During the first days of the Russian invasion, there were hardly any images of jet fighters. Those available were of aircraft flying at low or very low altitudes and, in many cases, later identified as Ukrainian aircraft trying to avoid the Russian Air Defence. Soon, videos of the first fighter shoot-downs, both Russian and Ukrainian, appeared mainly on social media channels. Most of them were aircraft flying at low or very low altitudes within the range of MANPADS and, of course, Ukrainian surface-to-air defence systems. The lost aircraft were not only obsolete and slow Su-25s but also powerful Su-30s, Su-34s, and Su-35s.1
Traditionally, the VKS has always bet on a robust surface-to-air defence to protect the land forces’ advance, with aviation filling the gaps to defend Russian territory; long-range aviation and army aviation would act as flying ‘artillery’ as part of the offensive.
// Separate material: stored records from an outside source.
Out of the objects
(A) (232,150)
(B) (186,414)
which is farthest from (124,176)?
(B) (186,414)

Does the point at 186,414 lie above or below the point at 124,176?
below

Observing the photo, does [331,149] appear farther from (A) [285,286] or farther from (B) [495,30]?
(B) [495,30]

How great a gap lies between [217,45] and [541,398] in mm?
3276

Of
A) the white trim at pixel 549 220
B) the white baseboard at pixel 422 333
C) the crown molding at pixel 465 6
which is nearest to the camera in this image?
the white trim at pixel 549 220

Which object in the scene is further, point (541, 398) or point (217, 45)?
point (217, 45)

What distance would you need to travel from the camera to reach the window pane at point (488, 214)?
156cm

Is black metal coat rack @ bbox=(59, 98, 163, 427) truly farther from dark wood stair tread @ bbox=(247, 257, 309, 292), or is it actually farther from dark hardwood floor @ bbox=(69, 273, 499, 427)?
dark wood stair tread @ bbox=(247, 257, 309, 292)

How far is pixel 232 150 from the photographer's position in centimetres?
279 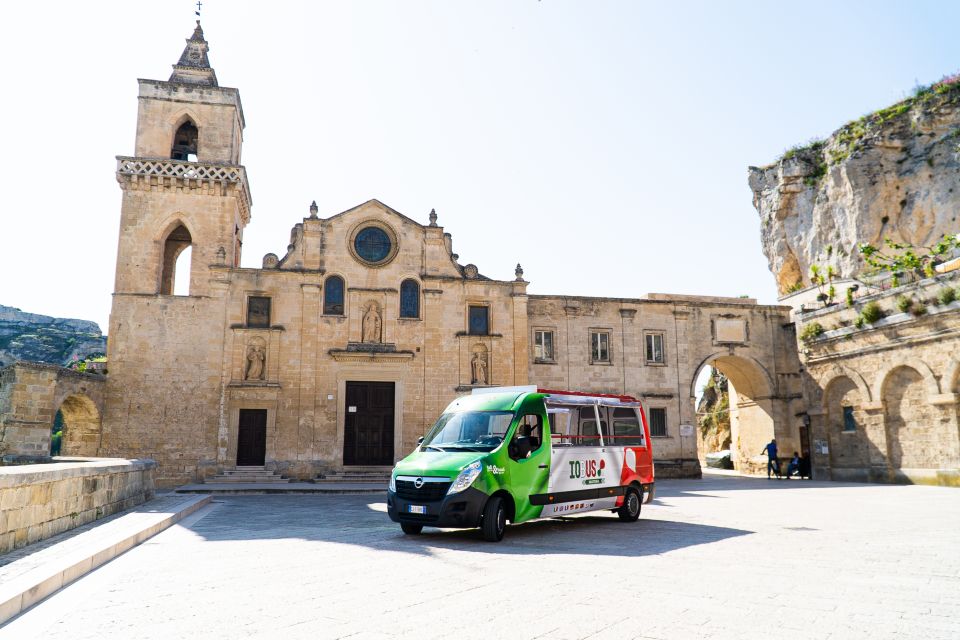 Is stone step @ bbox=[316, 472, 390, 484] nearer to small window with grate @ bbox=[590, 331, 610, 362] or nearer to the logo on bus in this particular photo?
small window with grate @ bbox=[590, 331, 610, 362]

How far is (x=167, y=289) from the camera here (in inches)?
1161

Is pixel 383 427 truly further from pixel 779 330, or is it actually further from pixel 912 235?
pixel 912 235

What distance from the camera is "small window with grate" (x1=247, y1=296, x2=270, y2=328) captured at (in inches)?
1048

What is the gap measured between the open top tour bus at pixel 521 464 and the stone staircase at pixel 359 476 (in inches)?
515

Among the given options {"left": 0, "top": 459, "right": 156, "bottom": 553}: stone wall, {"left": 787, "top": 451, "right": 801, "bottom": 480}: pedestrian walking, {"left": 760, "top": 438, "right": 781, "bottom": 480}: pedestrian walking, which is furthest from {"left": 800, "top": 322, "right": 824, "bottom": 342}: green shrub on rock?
{"left": 0, "top": 459, "right": 156, "bottom": 553}: stone wall

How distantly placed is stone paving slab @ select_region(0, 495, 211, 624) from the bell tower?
16.3m

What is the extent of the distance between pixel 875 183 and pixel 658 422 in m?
21.6

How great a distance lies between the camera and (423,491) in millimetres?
10828

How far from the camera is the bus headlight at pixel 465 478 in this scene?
10.5 meters

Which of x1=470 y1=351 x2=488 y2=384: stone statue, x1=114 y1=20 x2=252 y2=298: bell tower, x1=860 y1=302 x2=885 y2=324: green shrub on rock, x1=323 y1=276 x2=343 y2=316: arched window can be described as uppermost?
x1=114 y1=20 x2=252 y2=298: bell tower

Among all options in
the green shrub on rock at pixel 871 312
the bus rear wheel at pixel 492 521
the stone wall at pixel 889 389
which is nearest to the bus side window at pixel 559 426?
the bus rear wheel at pixel 492 521

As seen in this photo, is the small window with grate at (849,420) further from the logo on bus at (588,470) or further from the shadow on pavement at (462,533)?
the logo on bus at (588,470)

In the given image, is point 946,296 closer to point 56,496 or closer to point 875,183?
point 875,183

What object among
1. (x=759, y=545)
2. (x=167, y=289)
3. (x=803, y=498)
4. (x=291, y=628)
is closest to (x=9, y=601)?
(x=291, y=628) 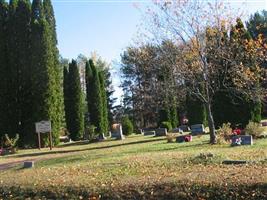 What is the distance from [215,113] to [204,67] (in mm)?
10899

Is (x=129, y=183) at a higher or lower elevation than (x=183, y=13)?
lower

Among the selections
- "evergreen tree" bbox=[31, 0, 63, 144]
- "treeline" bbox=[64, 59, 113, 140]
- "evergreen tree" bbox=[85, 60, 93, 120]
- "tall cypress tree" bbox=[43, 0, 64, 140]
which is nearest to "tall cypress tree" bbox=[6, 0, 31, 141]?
"evergreen tree" bbox=[31, 0, 63, 144]

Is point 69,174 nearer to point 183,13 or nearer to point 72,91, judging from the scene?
point 183,13

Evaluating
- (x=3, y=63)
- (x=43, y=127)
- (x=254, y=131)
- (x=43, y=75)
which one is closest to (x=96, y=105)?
(x=43, y=75)

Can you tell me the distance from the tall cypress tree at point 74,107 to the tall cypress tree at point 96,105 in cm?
223

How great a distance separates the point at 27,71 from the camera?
114 feet

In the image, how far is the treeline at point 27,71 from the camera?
3400 centimetres

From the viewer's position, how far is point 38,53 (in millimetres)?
34094

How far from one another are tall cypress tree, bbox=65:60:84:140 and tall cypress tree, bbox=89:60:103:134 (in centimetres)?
223

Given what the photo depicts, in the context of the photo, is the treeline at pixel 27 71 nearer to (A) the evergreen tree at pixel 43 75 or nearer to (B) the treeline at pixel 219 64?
(A) the evergreen tree at pixel 43 75

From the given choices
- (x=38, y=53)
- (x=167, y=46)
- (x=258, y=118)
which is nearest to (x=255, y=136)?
(x=167, y=46)

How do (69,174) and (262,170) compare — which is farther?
(69,174)

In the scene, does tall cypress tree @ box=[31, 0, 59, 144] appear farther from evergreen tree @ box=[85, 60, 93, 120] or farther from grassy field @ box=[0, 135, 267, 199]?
grassy field @ box=[0, 135, 267, 199]

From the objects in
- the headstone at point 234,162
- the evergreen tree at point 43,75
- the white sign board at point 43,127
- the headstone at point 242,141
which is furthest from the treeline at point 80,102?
the headstone at point 234,162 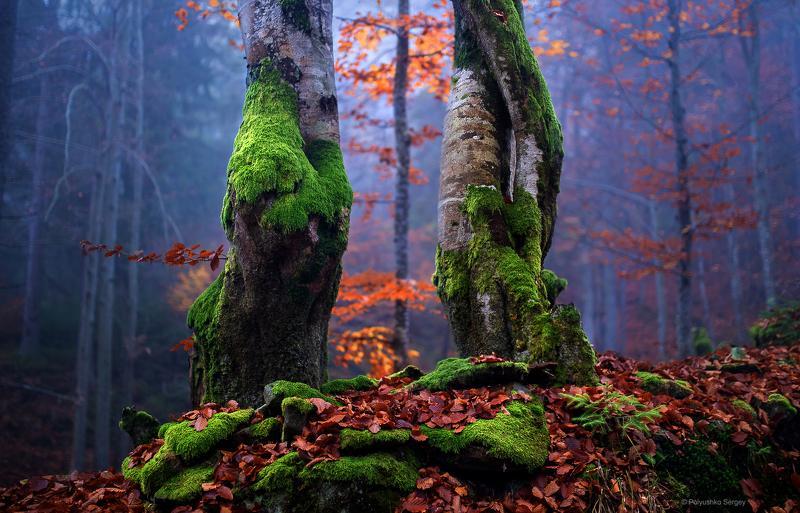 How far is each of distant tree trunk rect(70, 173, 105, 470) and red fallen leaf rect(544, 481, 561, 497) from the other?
1141cm

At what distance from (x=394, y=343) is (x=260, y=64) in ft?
21.1

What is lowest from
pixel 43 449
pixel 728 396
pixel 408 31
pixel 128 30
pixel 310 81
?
pixel 43 449

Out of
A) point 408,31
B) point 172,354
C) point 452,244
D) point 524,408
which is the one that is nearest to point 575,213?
point 408,31

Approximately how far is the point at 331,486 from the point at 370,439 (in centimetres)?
34

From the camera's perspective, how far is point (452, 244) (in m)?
5.02

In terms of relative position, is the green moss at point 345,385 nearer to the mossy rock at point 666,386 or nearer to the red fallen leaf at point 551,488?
the red fallen leaf at point 551,488

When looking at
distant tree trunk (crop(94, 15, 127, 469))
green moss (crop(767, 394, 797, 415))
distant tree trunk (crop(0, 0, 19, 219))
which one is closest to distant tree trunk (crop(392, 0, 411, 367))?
distant tree trunk (crop(0, 0, 19, 219))

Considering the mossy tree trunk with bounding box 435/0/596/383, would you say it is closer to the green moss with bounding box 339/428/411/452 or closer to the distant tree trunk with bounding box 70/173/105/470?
the green moss with bounding box 339/428/411/452

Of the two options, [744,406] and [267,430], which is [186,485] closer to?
[267,430]

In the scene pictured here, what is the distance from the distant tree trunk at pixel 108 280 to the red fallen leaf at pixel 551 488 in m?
A: 11.8

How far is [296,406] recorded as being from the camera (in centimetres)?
313

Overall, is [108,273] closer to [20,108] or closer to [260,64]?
[20,108]

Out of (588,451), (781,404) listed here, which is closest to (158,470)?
(588,451)

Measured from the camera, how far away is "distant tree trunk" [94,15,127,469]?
11.8 m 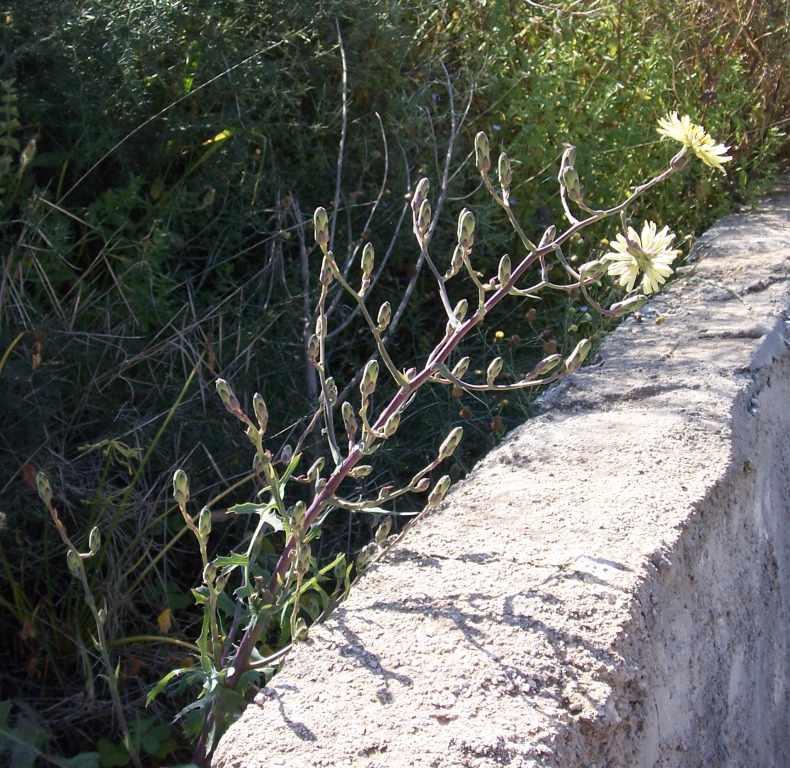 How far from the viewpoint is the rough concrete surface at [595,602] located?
4.04ft

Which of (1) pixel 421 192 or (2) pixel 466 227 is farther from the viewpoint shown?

However, in the last decades, VKS has heavily invested in technological improvements, such as Active Electronically Scanned Array radars, long-range air-to-air missiles, high manoeuvrability, and some stealth capabilities. These improvements reinforced the idea that the VKS was shifting its doctrine to a much more focused role of traditional air superiority, especially with the addition of the Su-30 family of fighters including the new Su-57 stealth fighter. NATO regarded Russia as a potential peer adversary and, consequently, trained and prepared its forces to face a powerful VKS with highly capable fighters aimed at achieving air supremacy. With such a high estimation of Russia’s air combat capability, how is it possible that the VKS did not achieve air supremacy in Ukraine, or at least air superiority, not to mention suffer such high attrition? The explanation may be simple: the VKS’s air doctrine differs from NATO’s, with Russian planners still treating military aviation as mere ‘flying artillery’.
The VKS has not operated as expected, and this article will address the possible reasons and the lessons identified from the Russian VKS’s performance in Ukraine. This article will consider several aspects related to joint planning, integration, training, and experience. The opinions in this article are based on open-source information and will undoubtedly be refined as more information becomes available.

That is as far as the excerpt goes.